We recently converted all our Jenkins docker builds to multi-arch, and it's generally working pretty well. They're building on ARM-based instances, so the x86 builds are going through qemu, which takes a long time, and also has some glitches (for a couple Go projects, in particular).
I'm happy to spin up some dedicated x86 build resources. The only tricky bit is that our build agents are autoscaled, so some of the recipes I've seen for configuring a "remote" builder that knows a particular architecture would require more code to find an active agent.
Our docker orchestration framework lets us expand any running service ip/port requirement into the environment of another service as a dependency, so I could probably create a dummy image that just wraps the docker buildx create
step. And it would need to hang out to determine if the remote builder has disappeared and been replaced. But it occurred to me that it would be cleaner to just add buildkit to my cluster manifest directly and pass the remote builder in that way.
Is there a way to directly docker run
a buildkit in the same way that docker buildx create
would?
(Side note: if I can talk to buildkit through haproxy and it isn't going to assume that it gets the same backend every time it connects, that would greatly simplify things, as I could just point the remote at the reverse proxy and let the service routing rules track the dynamic backends.)
Turns out that this is actually pretty straightforward.

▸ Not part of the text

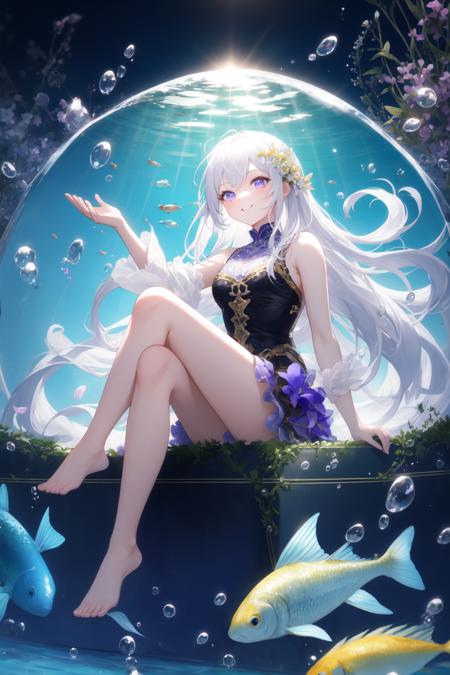 [(Transparent background:1.5)::5],(((masterpiece))),(((best quality))),(((extremely detailed))),illustration, 1girl,solo,mysterious,vivid color,shiny, underwater transparent sealed hemispherical glass dome, (white hair),(purple eyes), full body,barefoot,long hair tranquil nature, koi,Underwater, Dome,close up,Dynamic actions,Lens perspective,(((Box composition))),sit cross-legged and lean against the bookshel, volumetric lighting, multi-color eyes, detailed eyes, hyper detailed,light smile, highly detailed, beautiful, small details, ultra detailed, best quality, intricate, 4k, 8k, trending on artstation, good anatomy, beautiful lighting, award-winning,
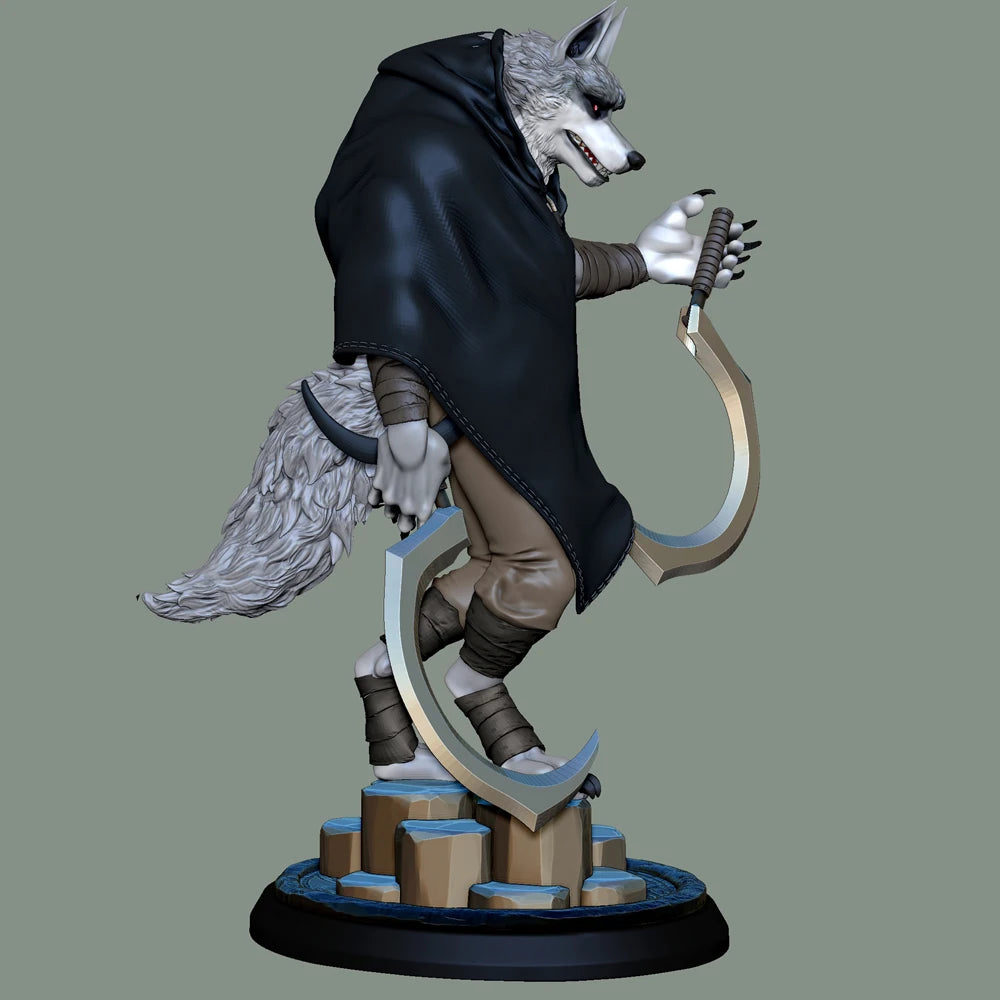 1/24 Wolf Soldier Grey Resin Figurine Toy Unpainted GK Doll Unassembled 3D Print Assembly Miniature Reduction Statue Toy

On my autoscaled intel build machines, I'm doing the equivalent of
docker run moby/buildkit:latest --privileged --addr tcp://0.0.0.0:8086
I do the same on the arm build machines, except on a different port:
docker run moby/buildkit:latest --privileged --addr tcp://0.0.0.0:8085
on my Jenkins JNLP agents, I pass in (arbitrarily named) env vars to define the local and remote platforms as either linux/amd64
or linux/arm64
, and an env var to define the local and remote servers created above, as tcp://<addr>:<port>
.
local_name="$(echo $BUILDKIT_LOCAL_PLATFORM|sed -E 's/(.+\/)?(.*)/\2/')-builder"
docker buildx create --use --name multi-builder --node "${local_name}"\
--platform="${BUILDKIT_LOCAL_PLATFORM}"\
--driver remote "${BUILDKIT_LOCAL_SERVER}"
remote_name="$(echo $BUILDKIT_REMOTE_PLATFORM|sed -E 's/(.+\/)?(.*)/\2/')-builder"
docker buildx create --append --name multi-builder --node "${remote_name}"\
--platform="${BUILDKIT_REMOTE_PLATFORM}"\
--driver remote "${BUILDKIT_REMOTE_SERVER}"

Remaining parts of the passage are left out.